Croyez bien, messieurs, que j’ai autant que qui que ce soit à cœur les intérêts de la doctrine, et que lorsque je fais ou ne fais pas une chose, c’est avec mûre réflexion et après en avoir pesé les conséquences.

Notre collègue, madame R… est venue de la part de quelques assistants me solliciter de prendre la parole. Des personnes qu’elles ne connaissait pas, a-t-elle ajouté, venaient de lui dire qu’elles étaient venues tout exprès jusqu’au cimetière dans l’espoir de m’entendre ; c’était flatteur sans doute pour moi, mais, de la part de ces personnes, c’était se méprendre étrangement sur mon caractère de penser qu’un stimulant d’amour-propre pût m’exciter à parler pour satisfaire la curiosité de ceux qui étaient venus par un autre motif que celui de rendre hommage à la mémoire de M. Didier. Ces personnes ignorent, sans doute, que s’il me répugne de m’imposer, je n’aime pas davantage à poser. C’est ce que madame R… aurait pu leur répondre, en ajoutant qu’elle me connaissait et m’estimait assez pour être certaine que le désir de me mettre en évidence n’aurait aucune influence sur moi.

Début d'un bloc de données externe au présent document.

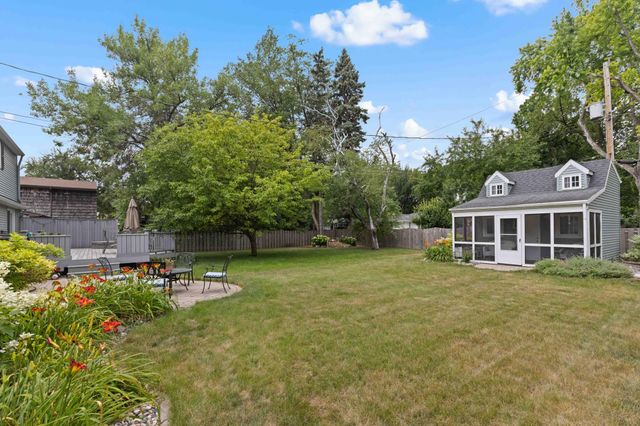 1711 7th Street S, Fargo, ND 58103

Dans d’autres circonstances, messieurs, je me serais fait un devoir, j’aurais été heureux de rendre à notre collègue un témoignage public d’affection au nom de la Société, représentée à ses obsèques par un grand nombre  de ses membres ; mais comme les sentiments sont plus dans le cœur que dans la démonstration, chacun de nous, sans doute, le lui avait déjà rendu dans son for intérieur ; en ce moment où nous sommes rassemblés, payons-lui entre nous le tribut de regrets, d’estime et de sympathie qu’il mérite, et espérons qu’il voudra bien revenir parmi nous comme par le passé, et continuer, comme Esprit, la tâche spirite qu’il avait entreprise comme homme.